MazenAmria OP t1_izonquh wrote
Reply to comment by suflaj in Advices for Deep Learning Research on SWIN Transformer and Knowledge Distillation by MazenAmria
That's sad; I'm starting to believe that this research idea is impractical or, maybe more accurately, overly ambitious.
MazenAmria OP t1_izon556 wrote
Reply to comment by sqweeeeeeeeeeeeeeeps in Advices for Deep Learning Research on SWIN Transformer and Knowledge Distillation by MazenAmria
> I would expect it to perform more similarly to the full SWIN model on citar-10 because less data complexity.

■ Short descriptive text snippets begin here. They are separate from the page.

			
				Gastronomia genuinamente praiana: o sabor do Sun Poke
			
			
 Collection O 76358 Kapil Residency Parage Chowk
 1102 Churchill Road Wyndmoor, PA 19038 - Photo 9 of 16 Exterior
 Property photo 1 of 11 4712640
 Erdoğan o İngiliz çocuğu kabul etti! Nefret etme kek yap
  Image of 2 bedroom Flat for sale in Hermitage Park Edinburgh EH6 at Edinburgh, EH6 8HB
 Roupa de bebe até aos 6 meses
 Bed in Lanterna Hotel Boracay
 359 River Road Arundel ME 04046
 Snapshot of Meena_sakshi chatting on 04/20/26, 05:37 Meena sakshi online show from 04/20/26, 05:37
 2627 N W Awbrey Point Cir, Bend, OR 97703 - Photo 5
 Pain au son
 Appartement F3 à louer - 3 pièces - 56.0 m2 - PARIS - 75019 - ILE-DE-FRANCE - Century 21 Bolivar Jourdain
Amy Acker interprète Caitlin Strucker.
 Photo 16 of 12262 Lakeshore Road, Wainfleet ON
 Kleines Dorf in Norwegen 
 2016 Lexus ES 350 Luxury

And that's the problem. If I got say 98% accuracy on CIFAR-10 using SWIN-Tiny and then got the same 98% with a smaller model then I'm not proving anything. There are many simple models that can get 98% on CIFAR-10 so what improvement did I introduce to the SWIN-Tiny? But doing the same thing with ImageNet would be different.
MazenAmria OP t1_izt68w9 wrote
Reply to comment by suflaj in Advices for Deep Learning Research on SWIN Transformer and Knowledge Distillation by MazenAmria
I'm using
with torch.no_grad():
when calculating the output of the teacher model.